Recently, I completed a project that targeted the ESP32 microcontroller. Unfortunately, things got messy when it came time for my customer to verify the implementation on their end. While I had already figured out the proper system configuration sometime ago to get the source to successfully build on my development machine, I had to remember all the steps for my customer. This resulted in a painful back and forth, and we still couldn’t figure out why my customer couldn’t get the build to work. I then had the idea to use a container to ease the pain. I had been using containers for another open source Linux project and thought it made sense to create a container for my client. Within a few hours, I had a container set up, and the client was able to build the codebase with a few commands. I had previously relegated containers to be used by system administrators and was pleasantly surprised with their capability in providing a self-contained, independent environment for building source code.
In this article, we’ll briefly go over what are containers, what goes into setting up a container with specific examples from my experiences, and finally, what value they can provide for customer deliveries. While there are different container technologies and products, this article will focus on Docker.
What Are Containers?
To understand what containers are, let’s consider the alternative, which are virtual machines (VMs). A VM contains all of the necessary SW components to run a self-contained operating system on your host machine, as shown in Figure 1.

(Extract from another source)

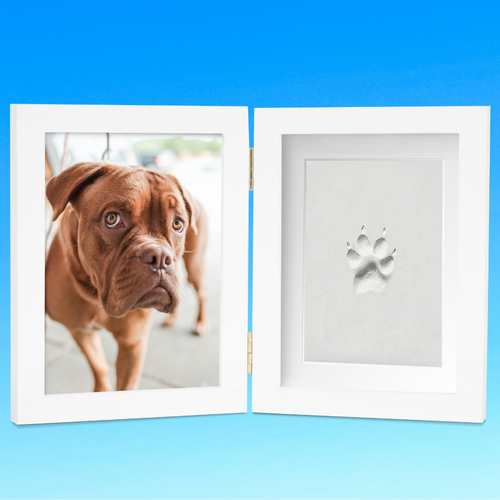 Paw print frame kit hot sale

Figure 1: Virtual machine’s interaction with the host PC. (Source: Author)
The VM is an application that represents a complete system, with its own OS (and kernel) that may be completely different from the OS running on the host PC. For example, the host PC could run Windows and the VM can run Linux. As a matter of fact, the host PC can even be running an x86 architecture and the VM could be running an ARM architecture! A VM gives the most flexibility in running a virtualized environment. In our specific use case, we only need to configure the VM for the target toolchain once. Then, we could ship that VM to our clients and they can simply run that VM and execute the appropriate commands to invoke the toolchain. While this seems to be the simplest option, it comes with a few drawbacks.

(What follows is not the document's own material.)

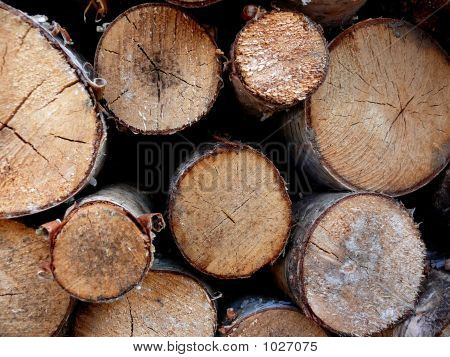 Brennholz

First, if an issue is discovered in one of the “Toolchain Dependencies” of Figure 1, we would need to rebuild and reship the VM to our client. While the specifics of a VM configuration are encapsulated in a file, the contents of a VM are not. Second, VM images are inherently large in size, which don’t lend themselves to be version controlled. Third, the large size of VMs makes the shipping process difficult. Since, we can’t easily check in a VM image into a source control repository, we would have to rely on cloud storage solutions, which can quickly become costly and make tracking difficult and awkward. Finally, VMs can make our clients’ workflow awkward. For example, while the focus of the VM is to run the toolchain specific to the project, what if there are changes to the codebase that need to be pulled by our client? They will have to configure the VM for their version control workflow. This quickly becomes a disaster if they need to update their VM (see the first point). Every time they need to download and run a new version of our VM, they will have to go through any of their own customizations.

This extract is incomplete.